OpenVZ Forum


Home » General » Support » ovzkernels not booting - where to look first
ovzkernels not booting - where to look first [message #15458] Wed, 01 August 2007 03:02 Go to next message
ugob is currently offline  ugob
Messages: 271
Registered: March 2007
Senior Member
Hi,

This morning, I upgraded the OpenVZ kernel on a server that is in a colocation facility.

Old kernel: ovzkernel-smp-2.6.9-023stab040.1
New kernel: ovzkernel-PAE-2.6.18-8.1.8.el5.028stab039.1

I rebooted using the new kernel, the machine didn't come up. The sysadmin at the colocation facility told me that none of the ovzkernel would boot, they would hang either at the partition check or before.

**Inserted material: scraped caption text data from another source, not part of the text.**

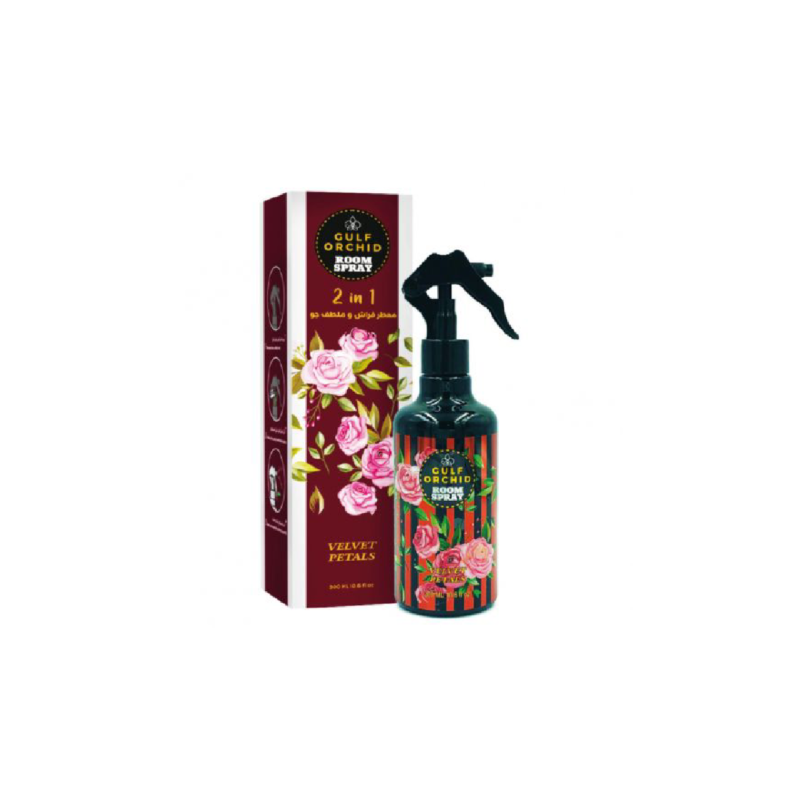 GULF ORCHID ROOM SPRAY 300 ML Velvet Petals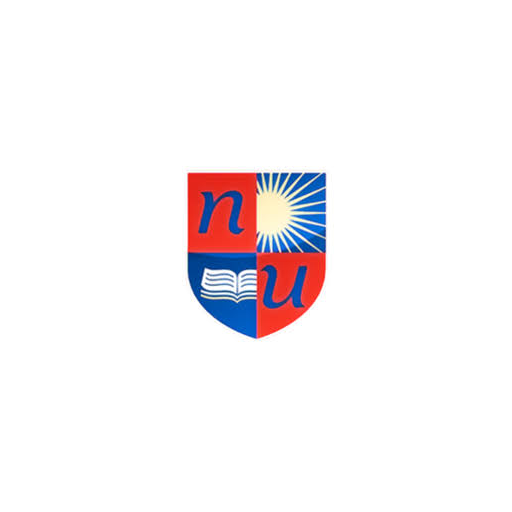 Nirma University logo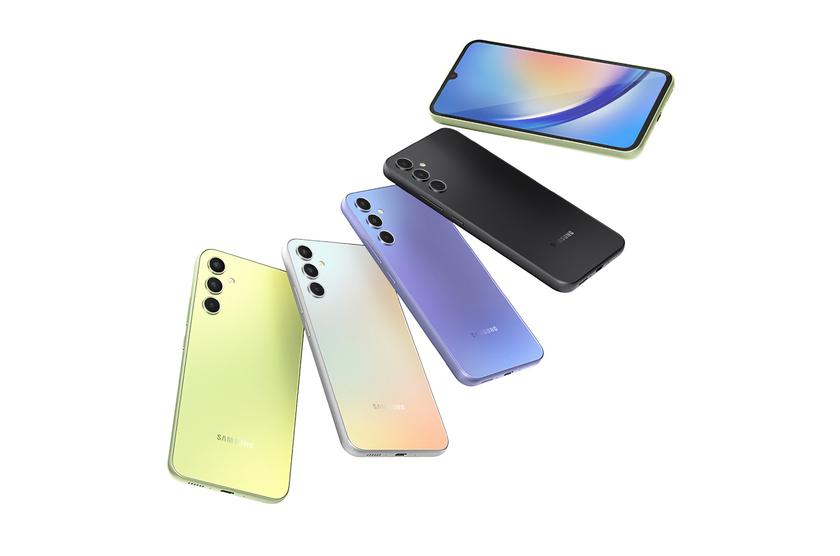Samsung Rilis Pembaruan Perangkat Lunak untuk Galaxy A34 1 pembaruan galaxy a34
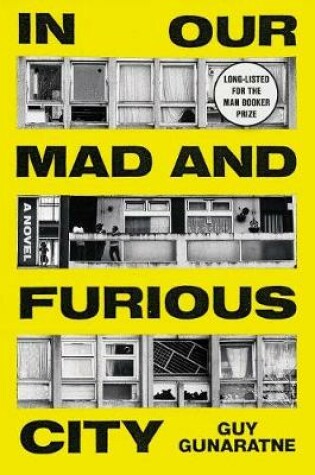 Cover of In Our Mad and Furious City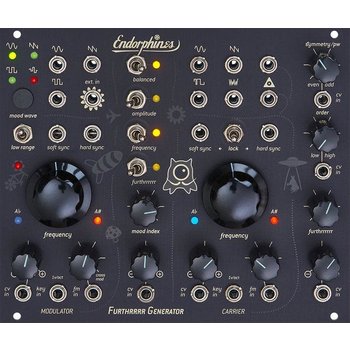 Endorphin.es Endorphin.es Furthrrrr Generator, BLCK_Edition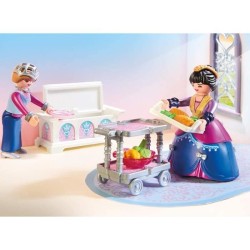 PLAYMOBIL - 70455 - Salle a manger royale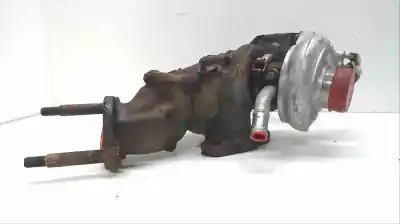 Second-hand car spare part turbocharger for mitsubishi montero v20 v40 2500 td gl 3ptas. oem iam references 491770  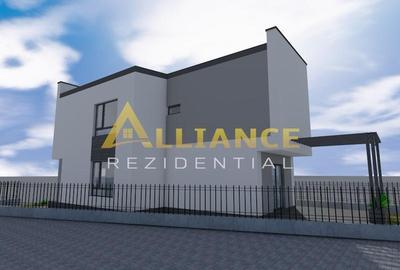 Casa moderna | 4 Camere | Teren 700 mp | Zona linistita - 1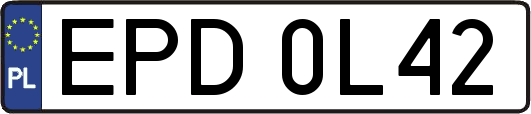 EPD0L42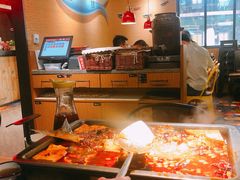 -探鱼·鲜青椒爽麻烤鱼(中山大信新都汇店)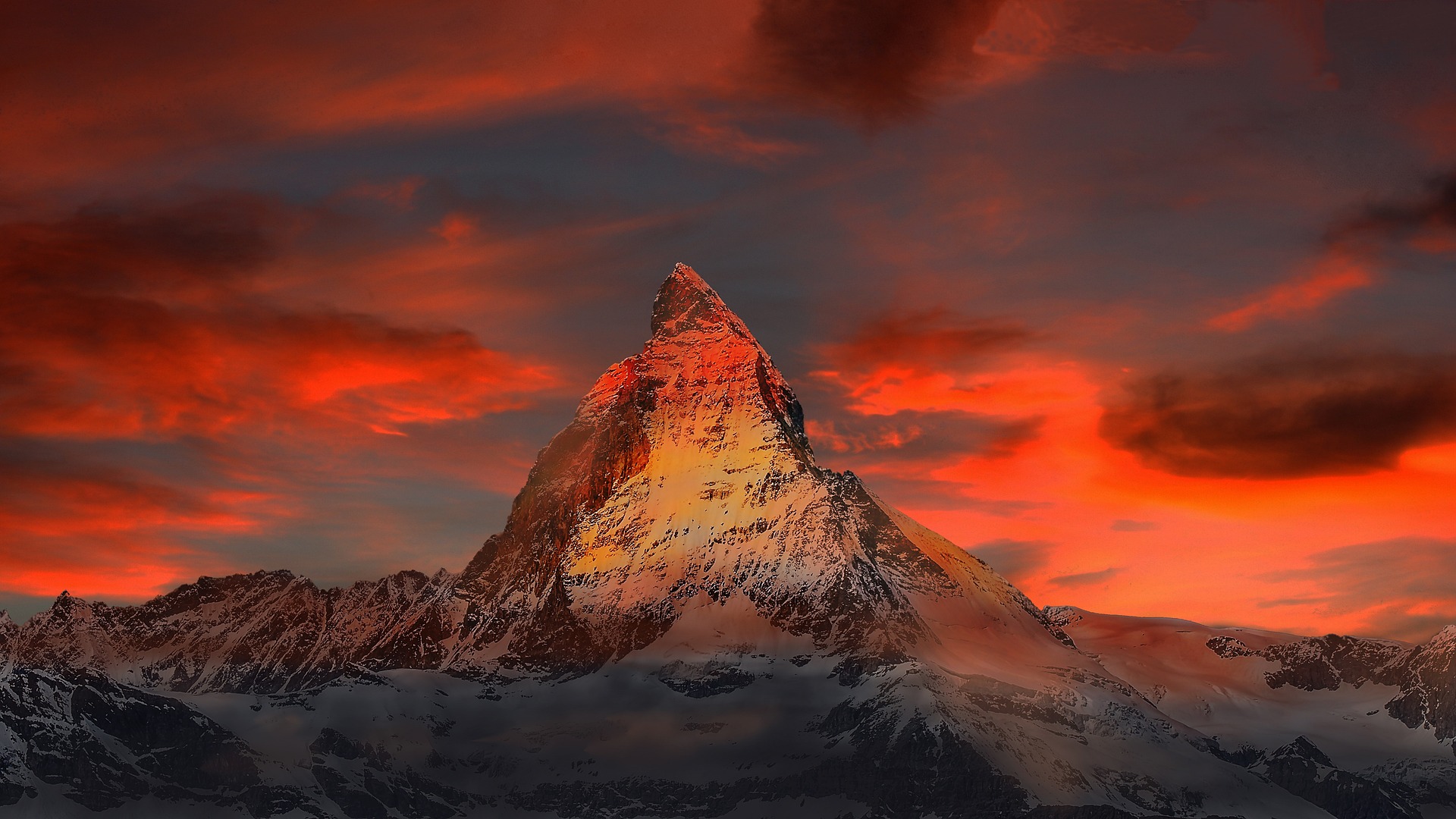 highest European mountains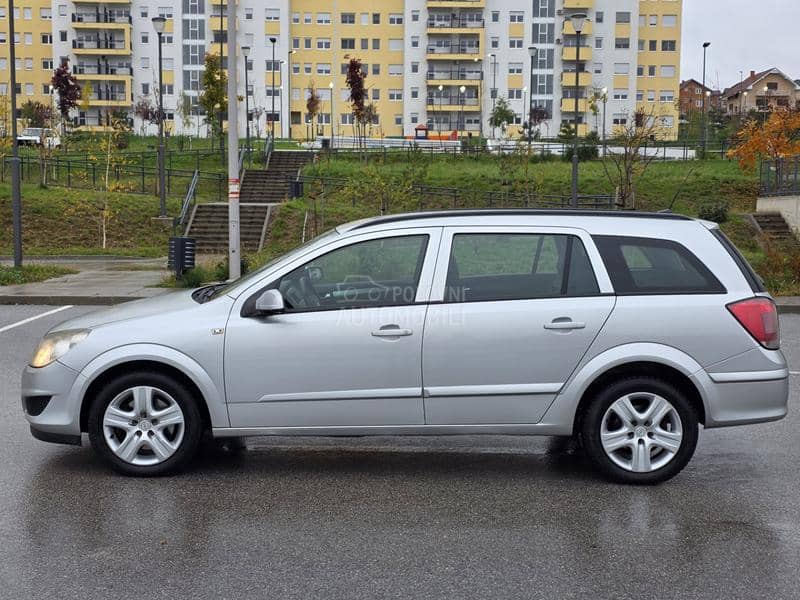 Opel Astra H 1.7 Cdti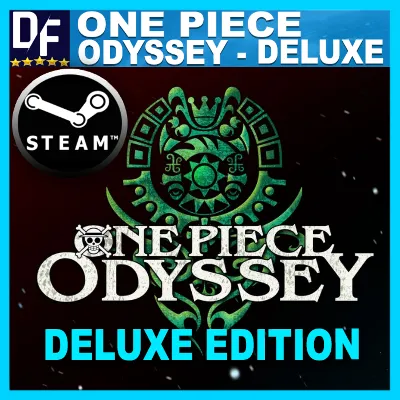ONE PIECE ODYSSEY — Deluxe Edition ✔️STEAM Аккаунт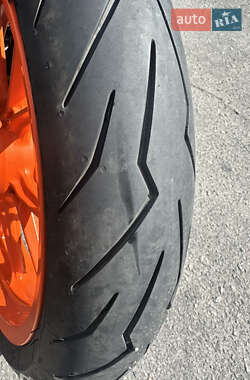 Мотоцикл Многоцелевой (All-round) KTM 390 Duke 2018 в 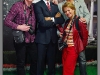 Amsterdam, Madame Tussaunds museum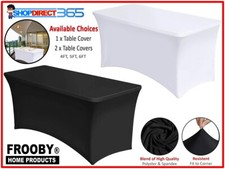 4FT, 5FT, 6FT Rectangular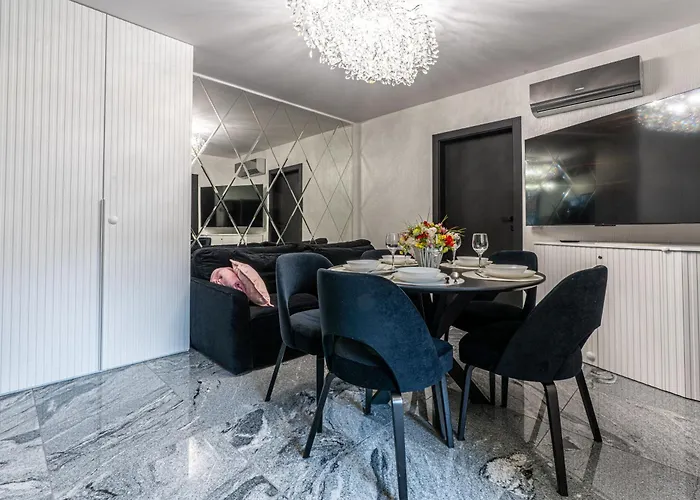 Apartamento Serenada W Centrum Apartzakop Zakopane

I'm going to the colocation facility tomorrow, but I currently have access to the server, which is booted with 2.6.9-55.0.2.ELsmp (stock centos4 kernel).

Any ideas of what I could check now? And what I should check first when I'm there?

Thanks,
Ugo


Please read the manual before asking questions:
http://download.openvz.org/doc/OpenVZ-Users-Guide.pdf

Please have a look at the wiki before asking questions:
http://wiki.openvz.org/Main_Page
Re: ovzkernels not booting - where to look first [message #15460 is a reply to message #15458] Wed, 01 August 2007 04:49 Go to previous messageGo to next message
vaverin is currently offline  vaverin
Messages: 708
Registered: September 2005
Senior Member
Hi Ugo,

1) is it x86 or x86_64 node? new kernel is 32-bit, but old one can be 64-bit.

2) it may be initrd related issue. are you sure that initrd image for new kernel has been created correctly? Could you please try to install RHEL5/CentOs5 kernel on the node?

3) It is important to understand on where node hangs. Could you please check /var/log/messages file on your node? If it does not have any messages from new kernel -- have you possibility to attach KVM or serial console to the node?

thank you,
Vasily Averin
Re: ovzkernels not booting - where to look first [message #15472 is a reply to message #15460] Wed, 01 August 2007 11:58 Go to previous messageGo to next message
ugob is currently offline  ugob
Messages: 271
Registered: March 2007
Senior Member
vaverin wrote on Wed, 01 August 2007 00:49

Hi Ugo,

1) is it x86 or x86_64 node? new kernel is 32-bit, but old one can be 64-bit.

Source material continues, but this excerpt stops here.